Committeeman Robert Frascella, who voted for the pay increase in May, said the township had a “good core group of employees” who gave up vacation time, a paid holiday, and took a 10 percent pay cut during the 2009 budget crisis.
”I am restating my position that I am in agreement with a 2 percent increase and no more removal of holidays,” Dr. Frascella said.
Mayor Mount took issue with comments about the staff’s 10 percent pay cut, noting they also received a corresponding reduction in work hours.
”It wasn’t a 10 percent cut, but we want you to keep working,” Mrs. Mount said. “That’s a point that needs clarifying.”

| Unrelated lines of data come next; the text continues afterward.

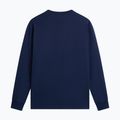 Мъжка трекинг блуза с дълъг ръкав The North Face Evolution Simple Dome Regular LS Tee summit navy 5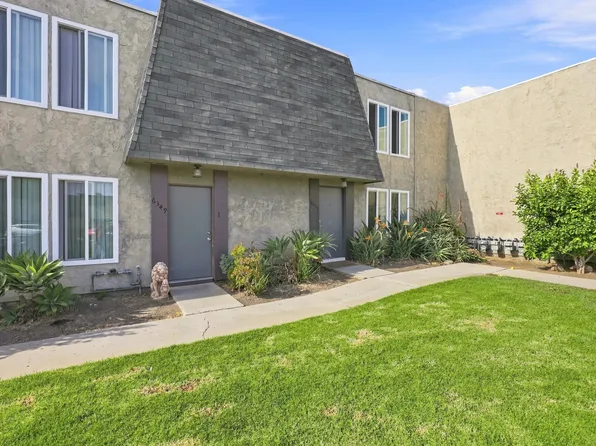 6353 Hummingbird St, Ventura, CA 93003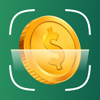 Coin Identifier & Scanner Pro - Mindateq Sp. z o.o.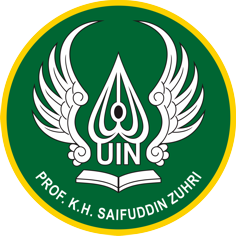 Logo UIN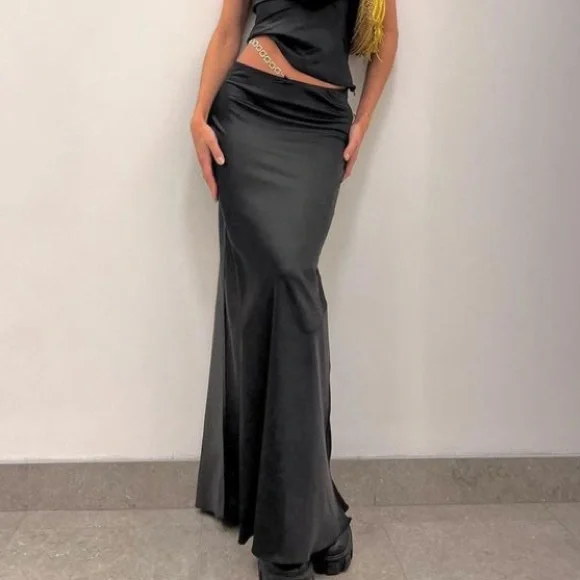 LIONESS X PIA MANCE MARMONT MAXI ๐ค - Picture 1 of 10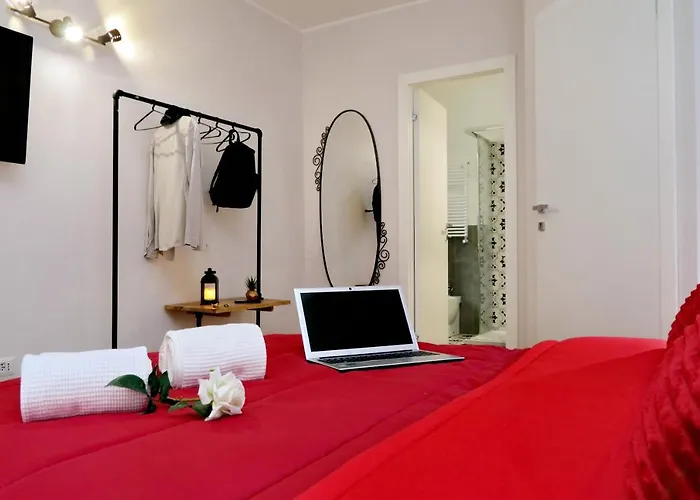 Termini Terrace Bed & Breakfast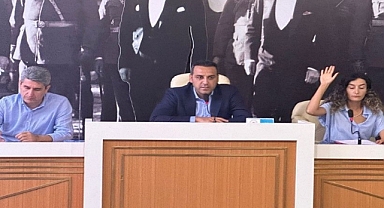 Başkan Yıldız Çiğli'nin mali durumunu açıkladı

Upper Freehold employees are currently furloughed two Fridays a month (the 10 percent pay cut) and work extended hours Monday through Thursday to make up the 16 hours missed the other two Fridays in the month that the municipal building is closed. The staff use Good Friday and the Friday following Thanksgiving as “floating holidays” since the municipal building is already closed those days.
Mr. Moslowski said he had previously opposed the raises because he felt the money was better spent filling positions left open by layoffs and retirements. The numerous vacant positions have significantly increased the workload for the township’s remaining employees, he noted.
”The employees have been doing a good job with less and I was just hoping to help them out to see if we could get more people,” Mr. Moslowski said. He changed his mind, he said, because “when you have employees that are doing that kind of workload, and doing a good job, they deserve to be rewarded.”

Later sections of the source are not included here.